Nitrogen and oxygen isotope characteristics, formation mechanism, and source apportionment of nitrate aerosols in Wuhan, Central China

Understanding the sources and formation mechanisms of nitrate in PM2.5 is important for effective and precise prevention and control of particulate matter pollution. In this study, we detected stable nitrogen and oxygen isotope signatures of NO- 3 (expressed as δ15N-NO- 3 and δ18O-NO3−) in PM2.5 samples in Wuhan, the largest city in central China.
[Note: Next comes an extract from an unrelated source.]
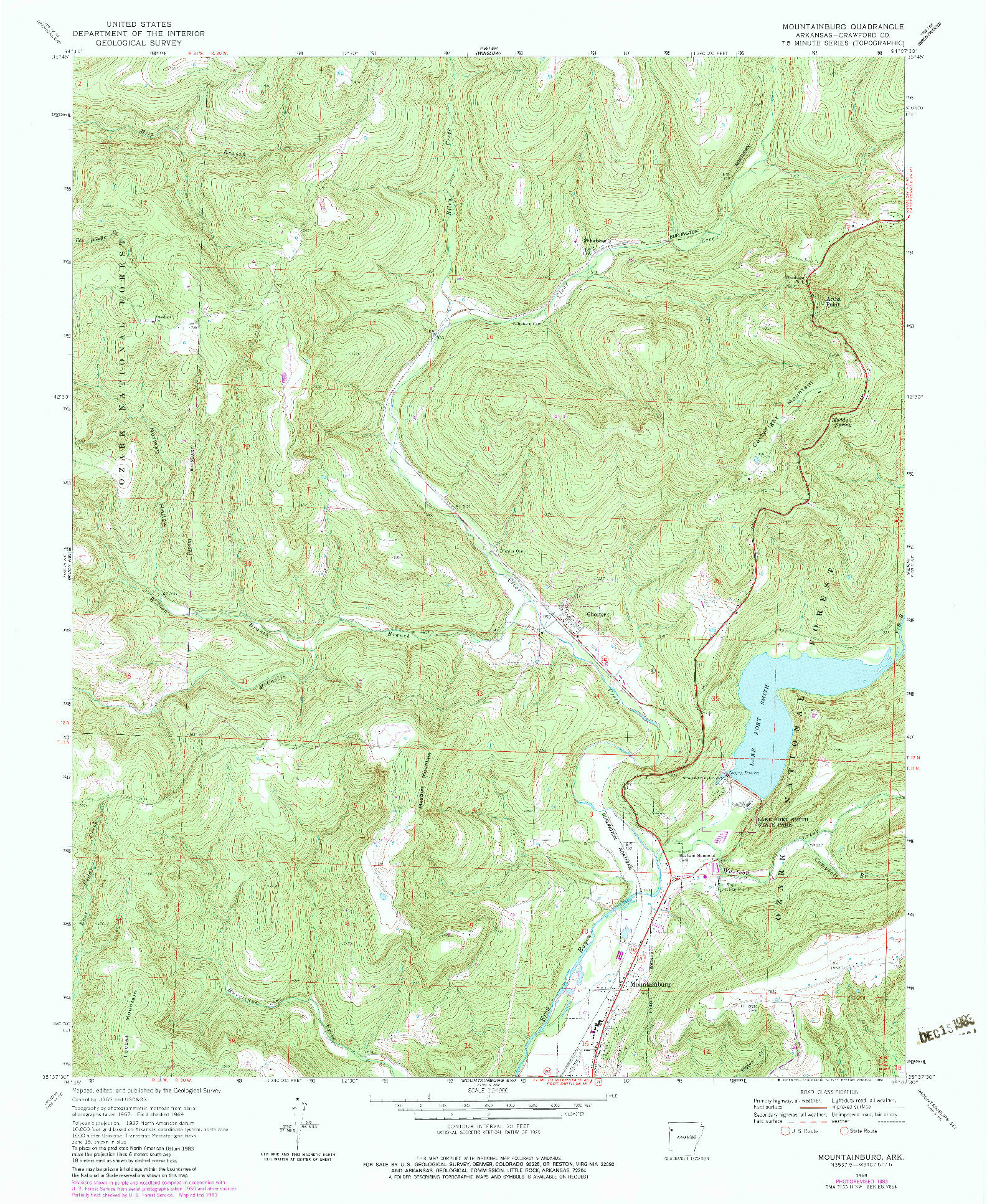 USGS 1:24000-SCALE QUADRANGLE FOR MOUNTAINBURG, AR 1969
The sources and formation pathways of NO3− were quantitatively analyzed using the modified version of the Bayesian isotope mixing (MixSIR) model, and the regional transport characteristics of NO3− were analyzed using the hybrid single-particle Lagrangian integrated trajectory (HYSPLIT) model and concentration-weighted trajectory (CWT) method. The results showed that NO3− significantly contributed to the ambient PM2.5 pollution and its driving effect increased with the gradient of pollution level. The average δ15N-NO3− and δ18O-NO3− values were 4.7 ± 0.9 ‰ and 79.7 ± 2.9 ‰, respectively. δ15N-NO3− and δ18O-NO3− were more enriched in winter and increased dramatically in heavily polluted days. The reaction pathway of NO2 + OH dominated nitrate formation in summer, while the reaction pathway of N2O5+ H2O dominated in other seasons and contributed more in polluted days than clean days. The contributions of vehicle emission, coal combustion, biomass burning, biogenic soil emission, and ship emission sources to NO3− were 26.4 %, 23.4 %, 22.8 %, 15.3 %, and 12.1 %, respectively. In addition to local emissions, air mass transport from the northern China had a significant impact on particulate NO3− in Wuhan. Overall, we should pay special attention to vehicle and ship emissions and winter coal combustion emissions in future policymaking.